%%
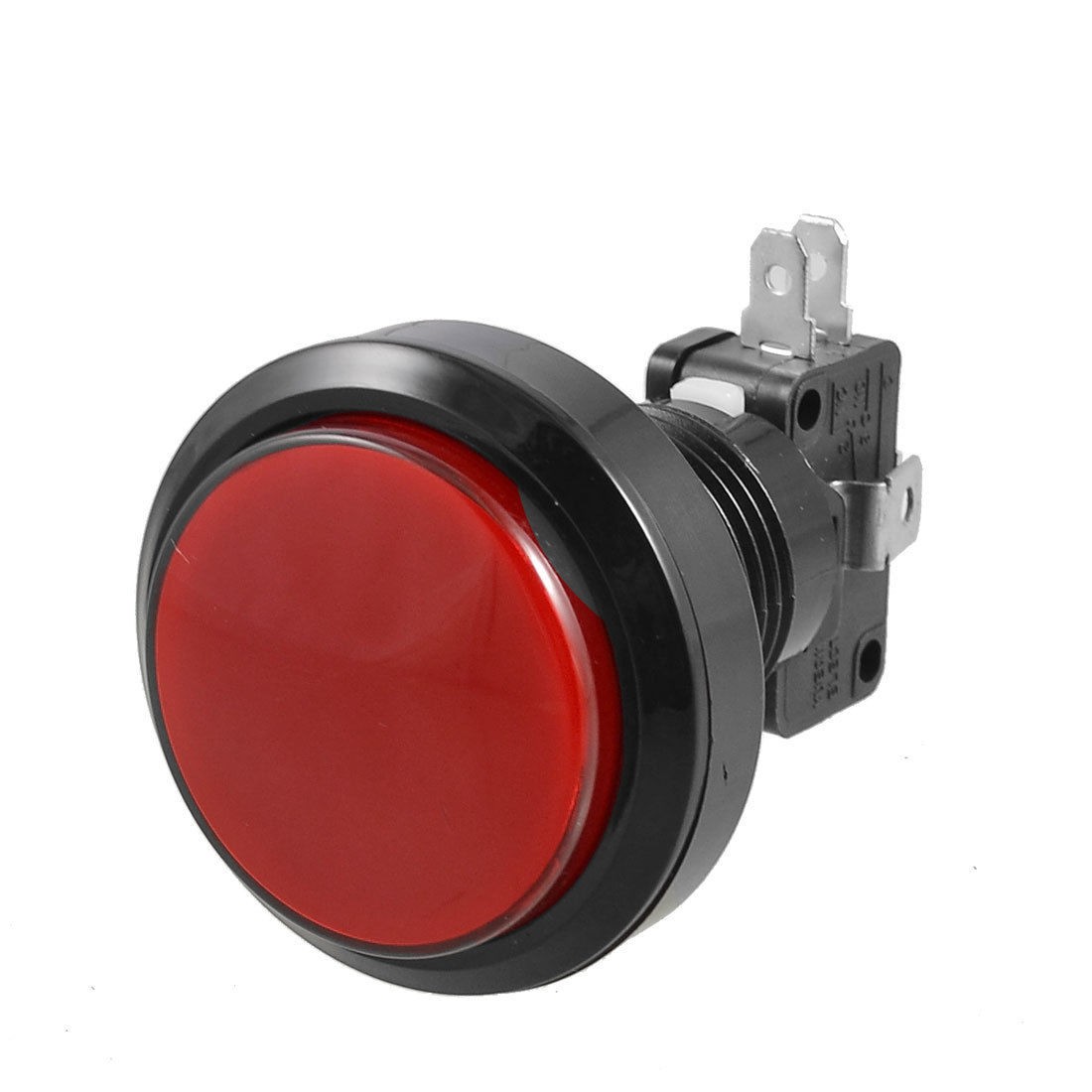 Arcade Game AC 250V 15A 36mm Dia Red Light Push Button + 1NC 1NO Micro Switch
%%
%%
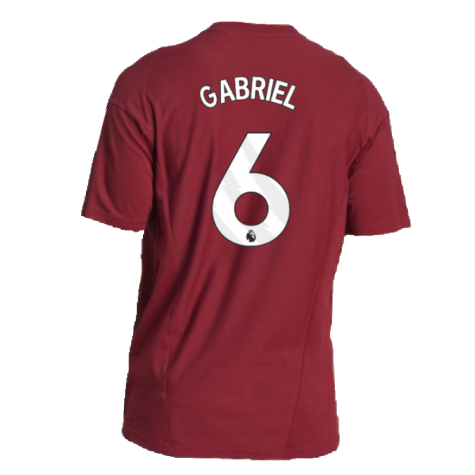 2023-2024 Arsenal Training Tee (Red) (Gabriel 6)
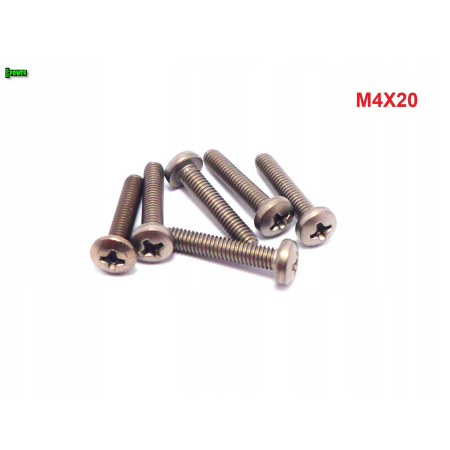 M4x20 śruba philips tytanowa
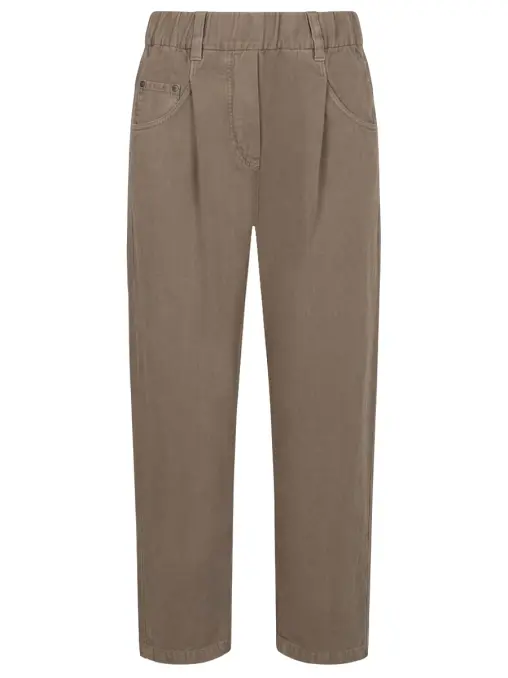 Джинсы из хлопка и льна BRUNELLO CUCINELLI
%%
%%
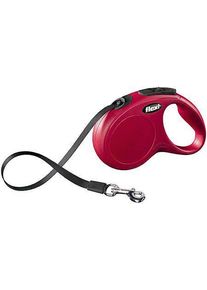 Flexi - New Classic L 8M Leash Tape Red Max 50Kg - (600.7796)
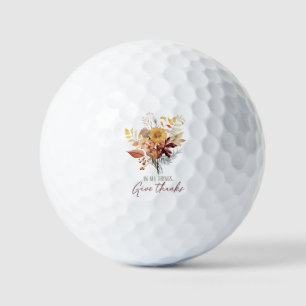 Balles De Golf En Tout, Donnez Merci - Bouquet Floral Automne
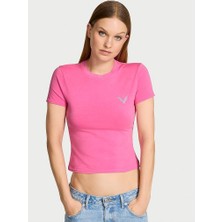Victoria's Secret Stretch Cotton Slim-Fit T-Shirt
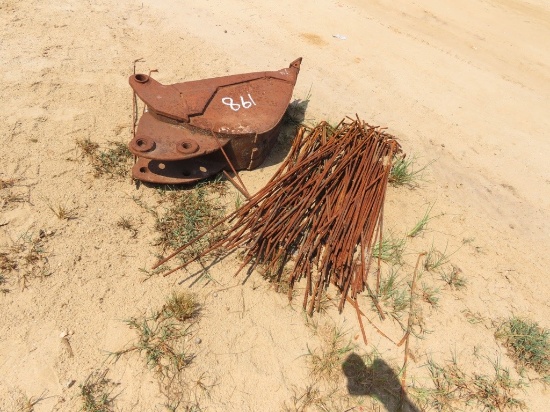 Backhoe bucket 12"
%%
Only one stretch of the listing above is to be duplicated: the lines from the one containing "2023-2024 Arsenal Training" through the one containing "Джинсы из хлопка и льна BRUNELLO CUCINELLI", both included. Copy them exactly, minus the pictures.

 2023-2024 Arsenal Training Tee (Red) (Gabriel 6)
 M4x20 śruba philips tytanowa
 Джинсы из хлопка и льна BRUNELLO CUCINELLI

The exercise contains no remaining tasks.